### What is expected
Omit all pictures, then retype exactly the lines from the one that contains "آرجول جازو Grand" through the end of the listing.

### Material provided
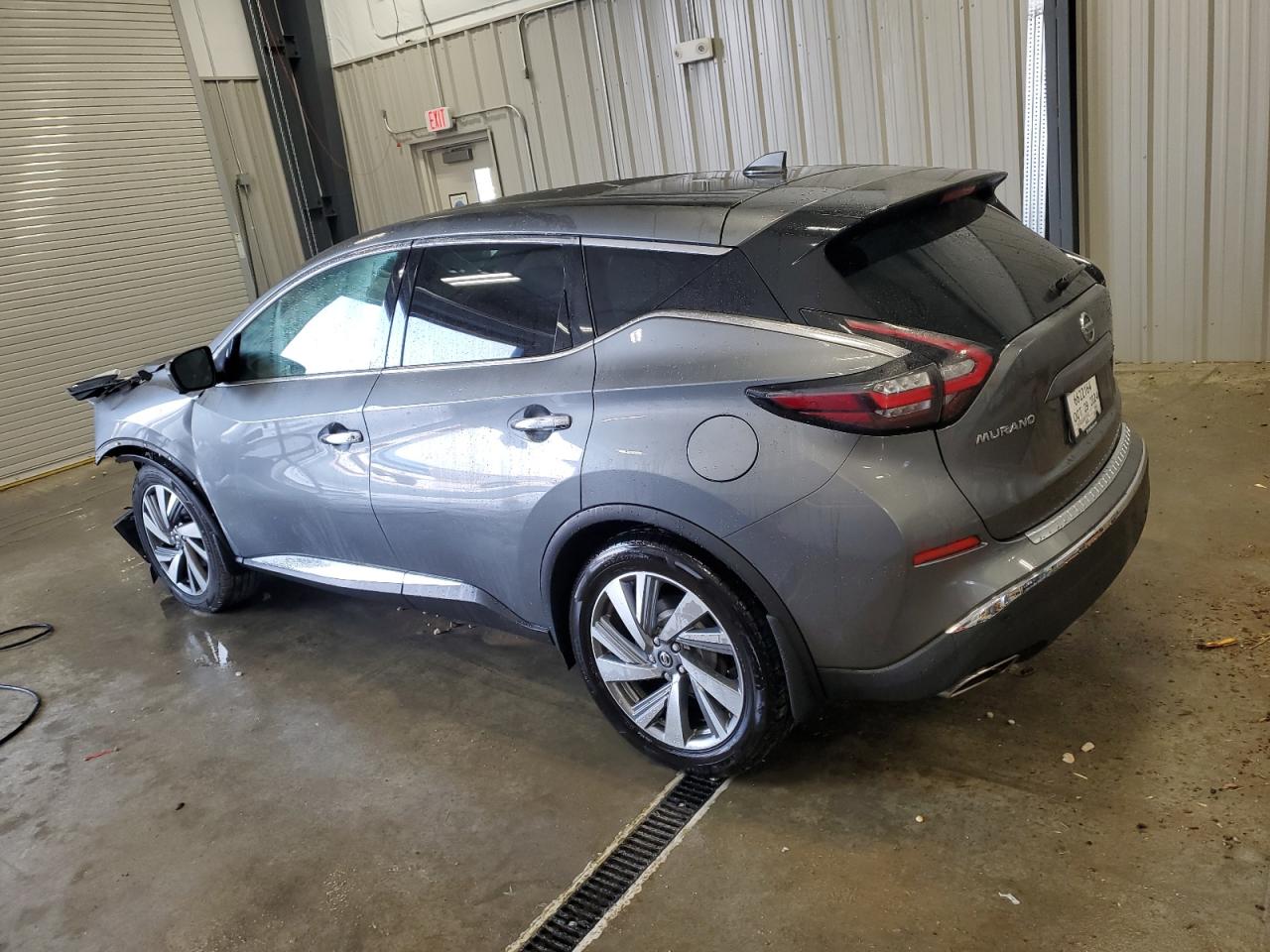 2021 Nissan Murano - Image 2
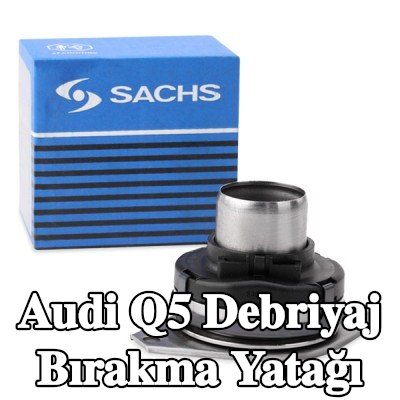 SACHS Debriyaj bırakma yatağı — Audi Q5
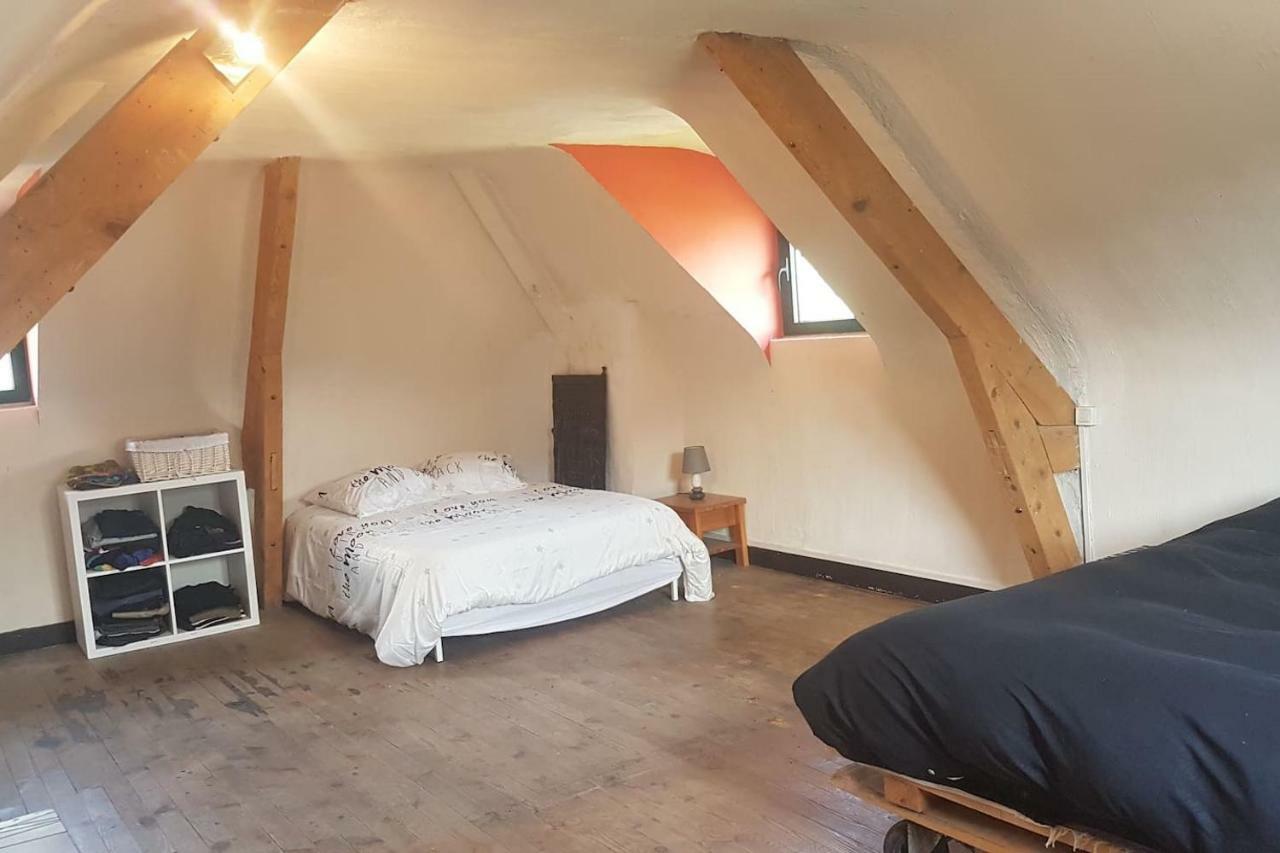 آرجول جازو Grand Appartement Sympa Au Coeur De La Vallee Parking Prive Terrasse Plein Sud المظهر الخارجي الصورة
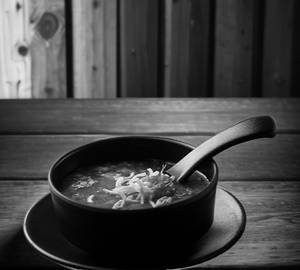 Chicken Manchow Soup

### Task result
 آرجول جازو Grand Appartement Sympa Au Coeur De La Vallee Parking Prive Terrasse Plein Sud المظهر الخارجي الصورة
 Chicken Manchow Soup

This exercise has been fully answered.